La Cour de cassation, par l'arrêt en référence a relativisé l'effet du document qui, il faut l'affirmer n'est pas un contrat.
La décision a été rendue au visa de l'article 6 de la loi du 2 janvier 1970 dite loi Hoguet, ensemble l'article 1134 du Code civil.
La Haute juridiction a en préliminaire rappelé que lorsque le mandant a donné à plusieurs mandataires le mandat non exclusif de vendre un même bien, il n'est tenu de payer une rémunération ou commission qu'à celui par l'entremise duquel l'opération a été effectivement conclue, au sens de l'article 6 de la loi du 2 janvier 1970 et cela même si l'acquéreur lui avait été précédemment présenté par un autre agent immobilier, sauf à ce dernier à prétendre à l'attribution de dommages-intérêts en prouvant une faute du vendeur qui, par abus de sa part et compte tenu des diligences accomplies, l'aurait privé de la réalisation de la vente.
En l'espèce, le propriétaire avait confié à l'agence immobilière Abondance Immobilière le 24 mars 2001 un mandat non exclusif de vendre sa maison, moyennant une rémunération de 5% à la charge de l'acquéreur.
Un couple a visité le bien par l'intermédiaire de cette agence selon bon de visite en date du 6 avril 2001, mais la vente a été réalisée entre les parties par l'intermédiaire d'une autre agence immobilière, l'agence Martin à laquelle le propriétaire avait également donné mandat non exclusif de vente.
L'agence Abondance Immobilière a demandé la condamnation du mandant à lui payer l'indemnité prévue au mandat.
Pour condamner le vendeur à payer à la première agence qui a fait visiter l'indemnité forfaitaire de 5% du prix de vente qu'elle réclamait pour non-respect par le vendeur de l'interdiction qui lui était faite de traiter directement avec un acheteur présenté par l'agence mandataire, l'arrêt de la cour d'appel attaqué énonce que l'interdiction de traiter directement avec l'acquéreur présenté par l'agence immobilière n'autorise pas les parties à traiter en dehors de la présence de celle-ci, que le terme directement n'a pas d'autre signification et qu'il n'autorise pas les parties à évincer l'agent immobilier en affectant de traiter avec un intermédiaire moins coûteux.

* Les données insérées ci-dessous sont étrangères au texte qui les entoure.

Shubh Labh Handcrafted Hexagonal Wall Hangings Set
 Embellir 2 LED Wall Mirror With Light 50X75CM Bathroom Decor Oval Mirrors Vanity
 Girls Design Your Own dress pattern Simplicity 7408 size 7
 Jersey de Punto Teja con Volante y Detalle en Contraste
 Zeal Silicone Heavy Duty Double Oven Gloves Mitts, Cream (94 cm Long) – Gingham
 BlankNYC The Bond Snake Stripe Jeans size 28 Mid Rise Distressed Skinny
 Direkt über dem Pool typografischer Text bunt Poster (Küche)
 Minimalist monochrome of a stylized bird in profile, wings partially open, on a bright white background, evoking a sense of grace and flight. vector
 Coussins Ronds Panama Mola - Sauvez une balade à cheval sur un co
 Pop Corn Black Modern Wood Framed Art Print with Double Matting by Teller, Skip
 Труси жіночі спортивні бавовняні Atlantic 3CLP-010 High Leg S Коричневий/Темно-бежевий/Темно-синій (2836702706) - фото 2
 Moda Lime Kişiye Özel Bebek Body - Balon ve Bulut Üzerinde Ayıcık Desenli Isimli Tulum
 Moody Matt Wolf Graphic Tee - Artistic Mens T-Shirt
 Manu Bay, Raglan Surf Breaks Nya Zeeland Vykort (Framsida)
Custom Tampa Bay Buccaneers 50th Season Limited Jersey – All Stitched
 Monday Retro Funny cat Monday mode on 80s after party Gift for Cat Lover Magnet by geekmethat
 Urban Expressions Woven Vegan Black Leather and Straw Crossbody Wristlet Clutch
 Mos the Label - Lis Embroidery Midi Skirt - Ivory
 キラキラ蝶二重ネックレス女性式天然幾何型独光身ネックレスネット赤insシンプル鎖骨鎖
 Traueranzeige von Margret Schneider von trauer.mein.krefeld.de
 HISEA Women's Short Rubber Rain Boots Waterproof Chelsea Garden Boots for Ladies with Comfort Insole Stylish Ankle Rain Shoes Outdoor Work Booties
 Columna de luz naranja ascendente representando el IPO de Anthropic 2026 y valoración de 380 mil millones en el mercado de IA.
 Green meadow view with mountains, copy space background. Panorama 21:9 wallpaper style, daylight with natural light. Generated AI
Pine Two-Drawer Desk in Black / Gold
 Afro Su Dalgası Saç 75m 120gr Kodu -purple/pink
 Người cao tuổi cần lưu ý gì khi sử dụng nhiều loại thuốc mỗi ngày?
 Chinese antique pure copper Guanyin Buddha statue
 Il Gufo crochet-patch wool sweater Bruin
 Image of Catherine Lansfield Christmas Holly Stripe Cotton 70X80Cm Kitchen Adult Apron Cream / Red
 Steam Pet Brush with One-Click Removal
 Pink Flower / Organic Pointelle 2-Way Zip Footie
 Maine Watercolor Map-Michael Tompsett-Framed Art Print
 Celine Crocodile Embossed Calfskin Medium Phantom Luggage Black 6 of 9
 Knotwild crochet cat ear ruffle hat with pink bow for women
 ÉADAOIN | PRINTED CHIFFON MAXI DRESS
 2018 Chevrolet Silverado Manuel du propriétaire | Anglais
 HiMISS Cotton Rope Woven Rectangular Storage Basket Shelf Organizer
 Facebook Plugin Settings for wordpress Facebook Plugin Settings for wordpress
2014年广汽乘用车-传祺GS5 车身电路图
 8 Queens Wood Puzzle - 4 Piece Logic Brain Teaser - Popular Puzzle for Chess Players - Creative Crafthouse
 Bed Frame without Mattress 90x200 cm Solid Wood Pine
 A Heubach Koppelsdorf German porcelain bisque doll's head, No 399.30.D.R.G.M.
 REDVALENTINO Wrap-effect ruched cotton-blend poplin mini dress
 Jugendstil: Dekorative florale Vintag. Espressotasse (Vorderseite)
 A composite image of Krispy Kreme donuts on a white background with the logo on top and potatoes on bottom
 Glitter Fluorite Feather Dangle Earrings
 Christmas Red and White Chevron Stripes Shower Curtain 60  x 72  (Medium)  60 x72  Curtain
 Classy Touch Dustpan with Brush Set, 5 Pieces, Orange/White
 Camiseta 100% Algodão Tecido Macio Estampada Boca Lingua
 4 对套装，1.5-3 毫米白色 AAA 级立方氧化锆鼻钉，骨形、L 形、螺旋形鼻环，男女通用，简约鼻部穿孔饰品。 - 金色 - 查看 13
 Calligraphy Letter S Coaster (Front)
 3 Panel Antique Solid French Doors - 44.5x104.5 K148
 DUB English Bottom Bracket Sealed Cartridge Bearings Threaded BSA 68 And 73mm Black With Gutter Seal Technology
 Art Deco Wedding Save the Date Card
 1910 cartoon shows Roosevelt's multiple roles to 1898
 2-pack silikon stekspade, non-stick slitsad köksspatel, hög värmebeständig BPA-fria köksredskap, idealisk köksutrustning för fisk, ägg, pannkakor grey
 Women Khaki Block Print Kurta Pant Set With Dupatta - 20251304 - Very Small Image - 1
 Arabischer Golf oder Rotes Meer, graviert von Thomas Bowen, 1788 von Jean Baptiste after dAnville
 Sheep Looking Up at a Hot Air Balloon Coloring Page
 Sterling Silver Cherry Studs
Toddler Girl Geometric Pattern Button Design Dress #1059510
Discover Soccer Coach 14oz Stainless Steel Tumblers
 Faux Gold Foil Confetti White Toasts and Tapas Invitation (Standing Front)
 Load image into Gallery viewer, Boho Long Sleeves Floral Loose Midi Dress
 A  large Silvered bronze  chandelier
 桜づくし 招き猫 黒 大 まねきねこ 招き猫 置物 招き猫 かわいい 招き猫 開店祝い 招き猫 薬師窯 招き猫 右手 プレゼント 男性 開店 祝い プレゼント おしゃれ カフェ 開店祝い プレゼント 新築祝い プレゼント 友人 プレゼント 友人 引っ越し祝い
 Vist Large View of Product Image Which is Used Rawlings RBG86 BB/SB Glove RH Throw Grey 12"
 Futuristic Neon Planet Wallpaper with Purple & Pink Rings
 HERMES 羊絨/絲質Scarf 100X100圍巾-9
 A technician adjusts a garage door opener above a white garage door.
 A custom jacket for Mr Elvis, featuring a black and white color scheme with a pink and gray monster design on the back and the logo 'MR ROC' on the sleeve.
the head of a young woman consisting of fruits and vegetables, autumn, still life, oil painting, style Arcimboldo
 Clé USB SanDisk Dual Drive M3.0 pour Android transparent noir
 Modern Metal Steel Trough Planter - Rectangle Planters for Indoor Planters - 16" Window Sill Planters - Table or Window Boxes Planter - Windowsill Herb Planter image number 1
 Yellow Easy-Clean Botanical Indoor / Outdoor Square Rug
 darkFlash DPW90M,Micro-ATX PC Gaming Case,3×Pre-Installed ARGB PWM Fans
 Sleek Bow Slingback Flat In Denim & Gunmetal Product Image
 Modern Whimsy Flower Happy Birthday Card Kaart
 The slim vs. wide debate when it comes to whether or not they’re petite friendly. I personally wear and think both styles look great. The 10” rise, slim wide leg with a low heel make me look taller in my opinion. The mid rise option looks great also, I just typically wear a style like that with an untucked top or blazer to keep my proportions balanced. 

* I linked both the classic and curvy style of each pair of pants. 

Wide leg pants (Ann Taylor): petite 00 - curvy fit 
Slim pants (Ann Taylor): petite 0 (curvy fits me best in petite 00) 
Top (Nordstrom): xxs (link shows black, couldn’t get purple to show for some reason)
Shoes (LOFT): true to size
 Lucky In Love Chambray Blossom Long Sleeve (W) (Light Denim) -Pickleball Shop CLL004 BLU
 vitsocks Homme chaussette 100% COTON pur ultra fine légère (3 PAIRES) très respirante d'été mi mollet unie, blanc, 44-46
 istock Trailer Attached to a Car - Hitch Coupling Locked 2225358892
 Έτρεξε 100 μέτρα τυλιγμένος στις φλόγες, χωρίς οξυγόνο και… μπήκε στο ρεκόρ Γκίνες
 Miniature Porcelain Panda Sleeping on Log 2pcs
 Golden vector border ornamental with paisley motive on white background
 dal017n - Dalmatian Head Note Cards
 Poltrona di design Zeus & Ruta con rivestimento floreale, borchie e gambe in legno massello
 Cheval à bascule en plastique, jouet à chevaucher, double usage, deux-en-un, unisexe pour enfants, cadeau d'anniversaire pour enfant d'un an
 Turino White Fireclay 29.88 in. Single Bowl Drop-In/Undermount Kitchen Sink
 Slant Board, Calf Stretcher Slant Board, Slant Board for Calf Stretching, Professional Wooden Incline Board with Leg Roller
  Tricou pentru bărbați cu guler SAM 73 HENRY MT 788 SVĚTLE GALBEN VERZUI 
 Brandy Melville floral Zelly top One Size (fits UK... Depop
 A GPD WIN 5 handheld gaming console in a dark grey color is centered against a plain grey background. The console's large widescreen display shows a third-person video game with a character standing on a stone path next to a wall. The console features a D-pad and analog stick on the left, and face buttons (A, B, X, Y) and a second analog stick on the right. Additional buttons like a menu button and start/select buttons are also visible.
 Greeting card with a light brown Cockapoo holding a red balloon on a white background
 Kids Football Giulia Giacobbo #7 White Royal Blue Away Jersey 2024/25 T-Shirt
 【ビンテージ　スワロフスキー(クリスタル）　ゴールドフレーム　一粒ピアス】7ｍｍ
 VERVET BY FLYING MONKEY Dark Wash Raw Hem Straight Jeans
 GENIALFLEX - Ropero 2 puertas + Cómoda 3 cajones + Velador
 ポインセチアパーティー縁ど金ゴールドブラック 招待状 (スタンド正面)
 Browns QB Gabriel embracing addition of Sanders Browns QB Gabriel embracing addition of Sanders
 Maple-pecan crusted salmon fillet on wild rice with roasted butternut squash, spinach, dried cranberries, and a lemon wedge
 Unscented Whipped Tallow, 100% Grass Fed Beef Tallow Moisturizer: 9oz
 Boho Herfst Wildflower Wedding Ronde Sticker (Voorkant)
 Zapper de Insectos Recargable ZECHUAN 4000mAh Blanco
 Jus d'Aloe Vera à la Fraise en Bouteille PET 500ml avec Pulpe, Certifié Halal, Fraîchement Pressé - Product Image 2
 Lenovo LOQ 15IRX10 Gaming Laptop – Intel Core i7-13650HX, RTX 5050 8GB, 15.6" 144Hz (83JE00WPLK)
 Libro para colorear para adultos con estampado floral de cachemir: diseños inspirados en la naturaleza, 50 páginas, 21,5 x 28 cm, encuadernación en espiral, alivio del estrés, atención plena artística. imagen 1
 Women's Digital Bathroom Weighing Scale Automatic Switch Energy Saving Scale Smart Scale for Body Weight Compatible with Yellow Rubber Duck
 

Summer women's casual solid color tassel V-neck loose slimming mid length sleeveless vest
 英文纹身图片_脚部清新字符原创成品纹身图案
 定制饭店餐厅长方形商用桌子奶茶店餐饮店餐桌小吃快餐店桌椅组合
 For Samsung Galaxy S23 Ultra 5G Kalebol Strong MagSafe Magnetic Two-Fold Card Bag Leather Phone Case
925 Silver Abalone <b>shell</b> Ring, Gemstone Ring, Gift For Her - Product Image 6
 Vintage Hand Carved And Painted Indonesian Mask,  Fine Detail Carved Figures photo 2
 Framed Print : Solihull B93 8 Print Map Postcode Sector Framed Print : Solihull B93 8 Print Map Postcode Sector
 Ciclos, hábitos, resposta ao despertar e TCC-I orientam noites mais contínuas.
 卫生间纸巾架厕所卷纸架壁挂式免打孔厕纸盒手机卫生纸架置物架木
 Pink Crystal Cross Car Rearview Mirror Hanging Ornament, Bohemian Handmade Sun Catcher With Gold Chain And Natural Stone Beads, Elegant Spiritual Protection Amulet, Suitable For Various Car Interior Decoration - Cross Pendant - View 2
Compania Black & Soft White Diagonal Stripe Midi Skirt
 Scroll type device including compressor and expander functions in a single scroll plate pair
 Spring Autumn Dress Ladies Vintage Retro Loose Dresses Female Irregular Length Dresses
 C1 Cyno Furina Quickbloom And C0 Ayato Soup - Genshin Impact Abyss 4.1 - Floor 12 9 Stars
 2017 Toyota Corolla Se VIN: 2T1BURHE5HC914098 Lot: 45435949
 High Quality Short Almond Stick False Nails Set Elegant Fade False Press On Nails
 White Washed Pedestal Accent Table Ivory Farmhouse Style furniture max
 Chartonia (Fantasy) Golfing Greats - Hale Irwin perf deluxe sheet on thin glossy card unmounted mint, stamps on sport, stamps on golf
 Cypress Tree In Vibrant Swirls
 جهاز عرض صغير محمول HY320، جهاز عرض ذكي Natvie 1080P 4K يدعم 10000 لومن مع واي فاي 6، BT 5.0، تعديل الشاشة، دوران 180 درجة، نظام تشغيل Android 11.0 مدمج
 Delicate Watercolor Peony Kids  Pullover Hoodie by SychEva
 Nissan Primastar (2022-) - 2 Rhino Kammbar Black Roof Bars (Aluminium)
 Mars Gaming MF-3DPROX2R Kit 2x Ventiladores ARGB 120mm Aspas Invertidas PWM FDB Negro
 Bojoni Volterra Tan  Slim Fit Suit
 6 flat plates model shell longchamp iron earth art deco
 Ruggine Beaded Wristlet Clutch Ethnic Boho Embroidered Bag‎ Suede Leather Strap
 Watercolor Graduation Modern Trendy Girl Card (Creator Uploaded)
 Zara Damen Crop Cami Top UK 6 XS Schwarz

La Cour de cassation dit qu'en statuant ainsi, alors que le propriétaire avait confié aux deux agences des mandats de vente non exclusifs et que la vente a été réalisée par l'intermédiaire de l'une de ces deux agences moyennant paiement d'une commission librement négociée, la cour d'appel a violé les textes rappelés plus haut.
La Cour de cassation a donc censuré l'arrêt et renvoyé devant la même cour d'appel autrement composée.
Il sera noté que le second agent immobilier ici ne réclamait pas sa commission mais le montant d'une clause pénale égal à la commission. La rémunération elle n'est due que lorsque le négociateur a conclu la vente.
Noté aussi que la référence à l'article 1134 du Code civil disant que les conventions légalement formées tiennent lieu de loi à ceux qui les ont faites ne s'explique que a contrario, parce que, d'une part, le bon de visite n'a pas fait naître une convention, d'autre part, le dispositif légal (loi Hoguet) prime sur le mandat qui lui est un contrat.
Référence:
- Cour de cassation, 1re Chambre civ., 16 mai 2006 (pourvoi N° 04-20.477), cassation
Cet article n'engage que son auteur.